Sharon Wrobel is a tech reporter for The Times of Israel.
A group of up to 30 women working in junior tech positions from Israel, Bahrain, Morocco and the United Arab Emirates are set to come together in January to participate in a Jerusalem-led program to help them break through the glass ceiling and take up managerial roles.
The three-month program led by FemForward, a Jerusalem nonprofit founded in 2020, aims to support women in junior tech positions with the tools and network to advance their career to senior levels. In collaboration with the UAE-Israel Business Council and funded by the US embassy in Israel, the junior-to-manager program will next year for the first time include women in tech from the Abraham Accords countries.
The initiative comes after Israel started to normalize ties with Gulf countries in 2020 as part of the US-brokered Abraham Accords with Arab states, including the United Arab Emirates, Morocco and Bahrain.
“We have funding to run this program with women from Abraham Accords countries for two years and plan to have four cohorts,” FemForward founder and CEO Rachel Wagner Rosenzweig told The Times of Israel. “The Abraham Accords are basically about creating a new Middle East, one that has opportunities and prosperity for everyone from the region, and by extending our program to women in these countries we are helping to turn this vision into a reality.”
FemForward launched in 2020 to address what is often referred to as the “broken rung” trend — the lack of advancement of women in tech from entry-level to managerial positions. According to the McKinsey 2022 Women in the Workplace report, for every 100 men promoted from junior level to manager, only 87 women are promoted. The report also found that there are far fewer women working in engineering and technical fields, with women’s relative representation in these jobs declining from 2018.
“We have been seeing that the main issue in the career advancement of women in tech is actually at the beginning stages of their careers because of a lack of network, lack of confidence, and differences in the way they promote themselves as opposed to men,” Wagner Rosenzweig remarked. “So our program will be open for women at the beginning stages of their careers who are thirsty for advancement.”
Since FemForward was founded, more than 100 women in Israel have graduated from the program.
FemForward’s program including women from Gulf countries will kick off with a two-day seminar in mid-January in Israel and will be held in English. It will be followed by weekly online lectures and a mentorship program and end with a two-day seminar in Dubai with networking events.
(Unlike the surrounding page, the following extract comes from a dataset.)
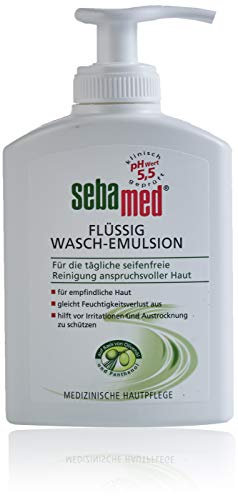 Sebamed Flüssig Wasch-Emulsion Olive im hygienischen Spender 200 ml, die extra-milde, seifenfreie Reinigungsformel pflegt sensitive Haut schon bei der Reinigung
“We are paying for all the participants to come to Israel and we are also going to have lecturers from the Abraham accords countries too,” Wagner said.
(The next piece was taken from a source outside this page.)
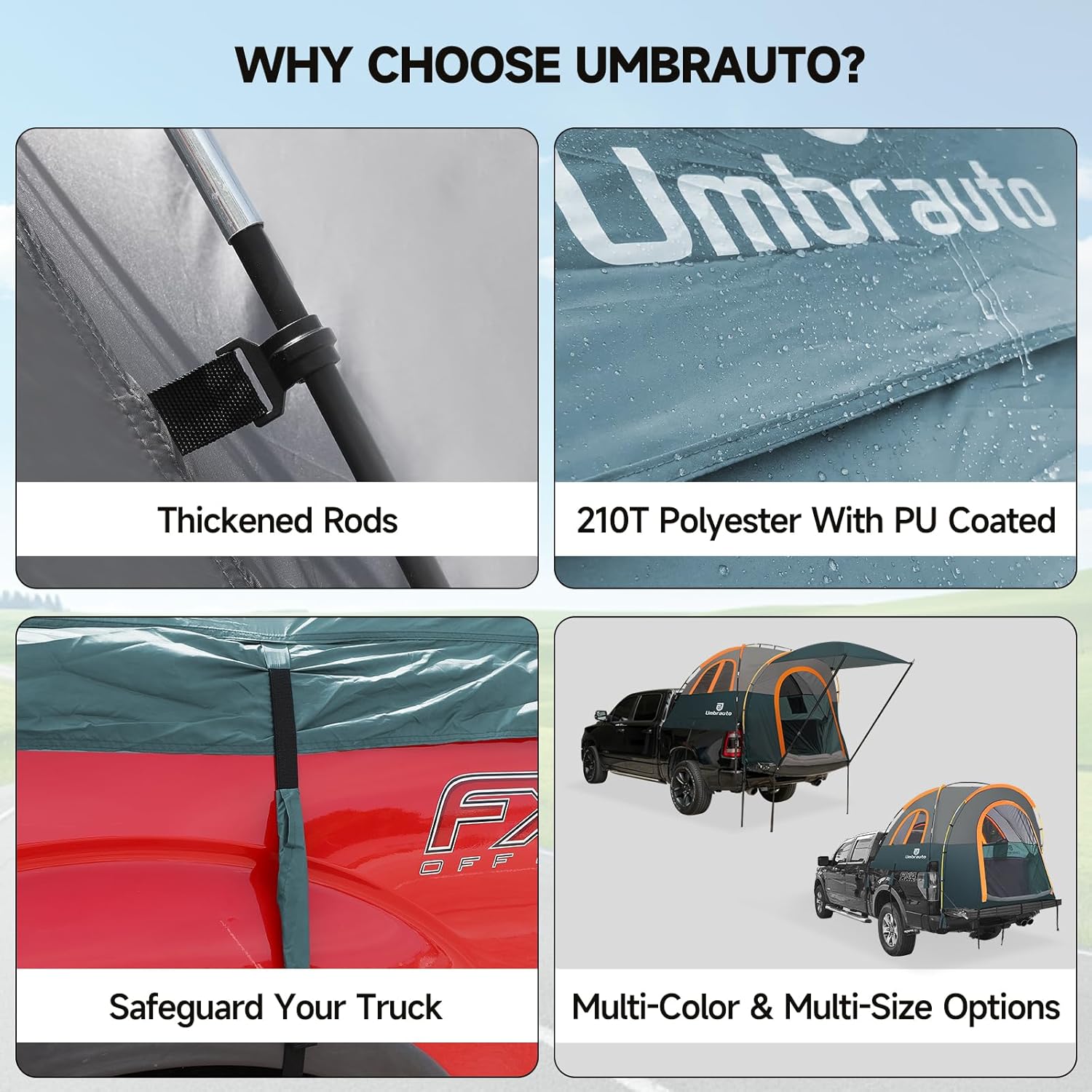 Truck Bed Tent for 5.5–5.8ft Beds — PU3000 Waterproof, 4ft Awning, Color-Coded Setup | 2–3 Sleepers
The course includes lectures led by leading female executives including Adi Soffer Teeni, general manager of Meta Israel, and Fleur Hassan-Nahoum, deputy mayor of Jerusalem and co-founder of the UAE-Israel Business Council, as well as from companies such as Google, McKinsey and Intel. Additionally, every woman on the program is mentored personally by a senior executive in the tech industry.
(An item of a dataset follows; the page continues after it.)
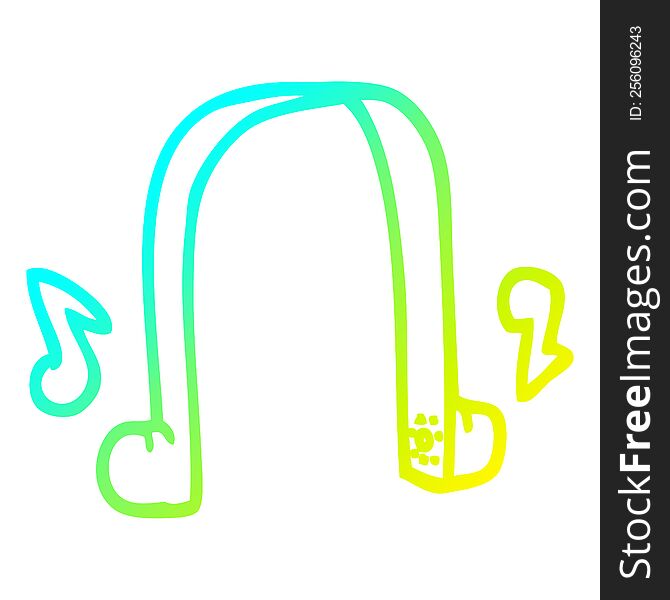 cold gradient line drawing of a cartoon modern headphones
“As the technology industry in the Abraham Accords countries continues to grow, so do the opportunities for women to expand their careers and become managers and leaders,” said Fleur Hassan-Nahoum, co-founder of the Gulf-Israel Women’s Forum, a division of the UAE-Israel Business Council. “By providing them with the tools they need, we are helping to increase the numbers of female leaders in the region.”
The UAE-Israel Business Council was founded to bring together entrepreneurs, business people, government officials and organizations looking to initiate joint projects and advance economic and social opportunities between the two countries.
“The Abraham Accords was the beginning of something really important,” said US Ambassador to Israel Tom Nides. “It’s the essence of bringing people together.”